童老爺子依然想通了當然不會答應,也不會任由童老虎到處嚷嚷,敗壞童家名聲,連累兩個做官兒子,左不過老爺子在就把童老虎看成廢物了。厲聲呵斥道:“服侍人呢?都是死人啊,大老爺得了失心瘋還讓他出來亂跑?”
旋即回頭吩咐周石:“將大老爺送回老宅,交代二郎媳婦,細心調養,所需藥材派人到藥鋪去取。”
老壽頭奉命而去。童老爺子疲憊的閉上眼睛,虎毒不食子,老爺子眼角一行清淚悄悄滑落:自己一直與人為善,怎麼落到這一步了!
童老虎就算暴病而亡懷瑜也不會動容,祖父這般沮喪卻叫懷瑜心裡難受。他退後幾步,穩穩心神,這才臉頰帶笑放重了腳步:“秋霜姐姐,我今兒起晚了,祖父可是等急了?“
秋霜笑彎了眼,抿抿嘴角正要配合演戲。室內童老爺子迅速擦乾眼角一聲咳嗽:“四丫頭啊?進來吧!“
懷瑜故作不知道老爺子心病,一邊安放碗筷,一邊笑吟吟告知祖父:“驛站昨日送了父親信件,因信件到時已是黃昏,孫女怕祖父觀信,興奮之下難以入眠,故而做主壓下了。等您用了早餐,孫女念給您聽啊!“
其實,懷瑜知道童老爺子此刻沒有食慾,特特提起這話,老爺子必定會先看書信,童如山書信都是喜訊,童老爺子必定開懷,一怒一喜也就平復了。
果然,童老爺子聞言眼眸染上一抹亮色,急切伸手敲擊案几:“快念快念,現在就唸!“
童如山書信首先是給老爺子問安,緊著就是介紹自己如何親臨地壟組織修繕民房,如何發放糧食藥材,虔誠感謝老父出錢出力支援自己工作。
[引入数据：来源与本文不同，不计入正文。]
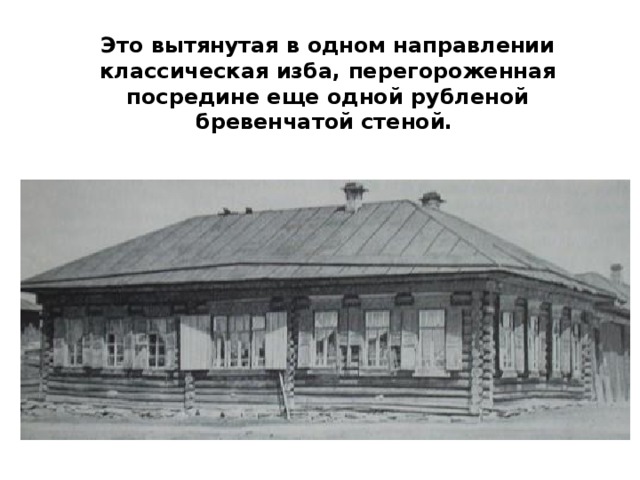 Это вытянутая в одном направлении классическая изба, перегороженная посредине еще одной рубленой бревенчатой стеной.   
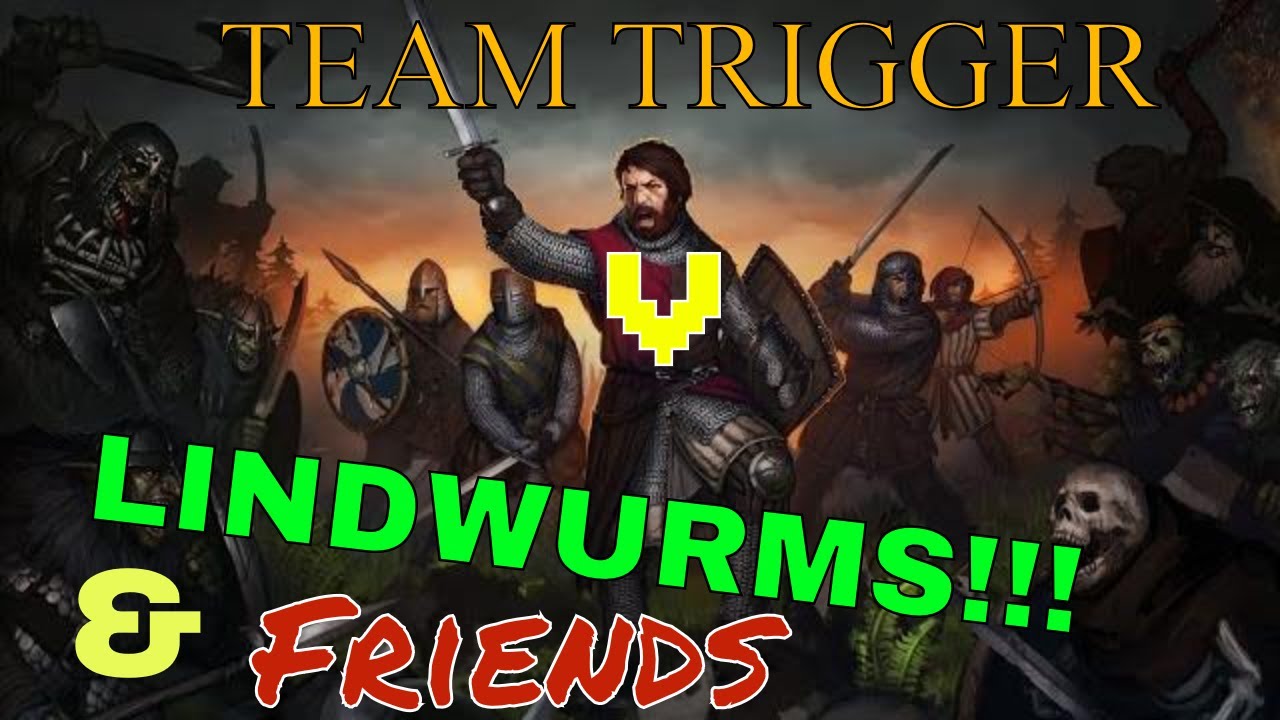 Team Trigger V Lindwurms & Friends!🔥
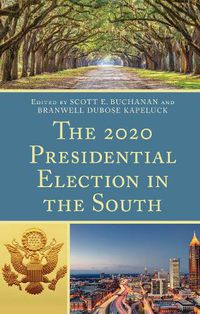 Cover image for The 2020 Presidential Election in the South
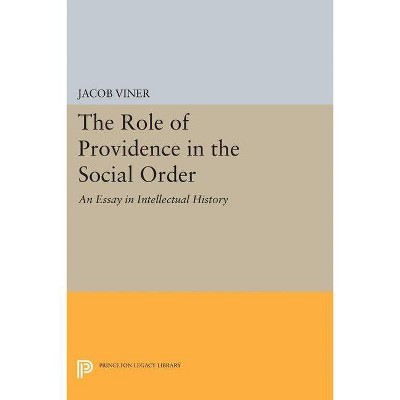 The Role of Providence in the Social Order - (Princeton Legacy Library) by  Jacob Viner (Paperback)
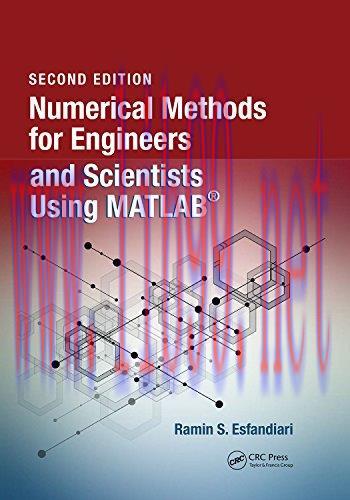 [FOX-Ebook]Numerical Methods for Engineers and Scientists Using MATLAB, 2nd Edition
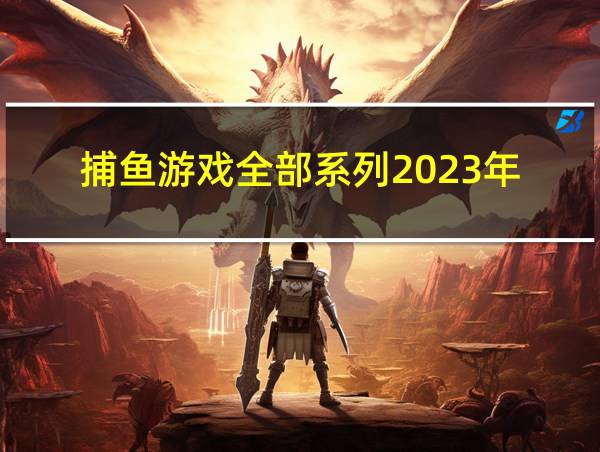 捕鱼游戏全部系列2023年的相关图片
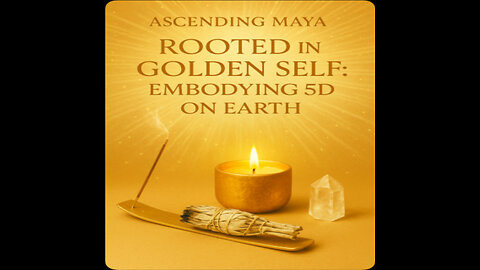 Rooted in the Golden Self: Embodying 5D on Earth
又告訴說,歸縣下轄雖然在冰雹中死傷了許多牲畜,卻因為自己安排醫藥救援及時,整個轄區只有使人因傷因病死亡,卻都是上了年歲之人。並附送了朝廷邸報,卻是朝廷推廣童如山就在方略嘉獎令。童如山除了這口頭榮譽還有實質升遷,如今已經是六品正堂了。
這是懷瑜昨日接到信件,母親品級也水漲船高,可簪金花四樹了。懷瑜為了昨日收網童老虎,知道今日祖父必定鬱悶,故意押後給母親報喜,留著給祖父解悶之用。
信箋最末,童如山寫到不小兒子往北三叩首,允諾災荒過去,他第一時間趕回家來給父親磕頭問安。
童老爺子至此大笑三聲落下了喜淚:“好好好,懷瑜,快些準備筆墨紙張,我要給你父親回信,這才是我童家好兒郎啊!”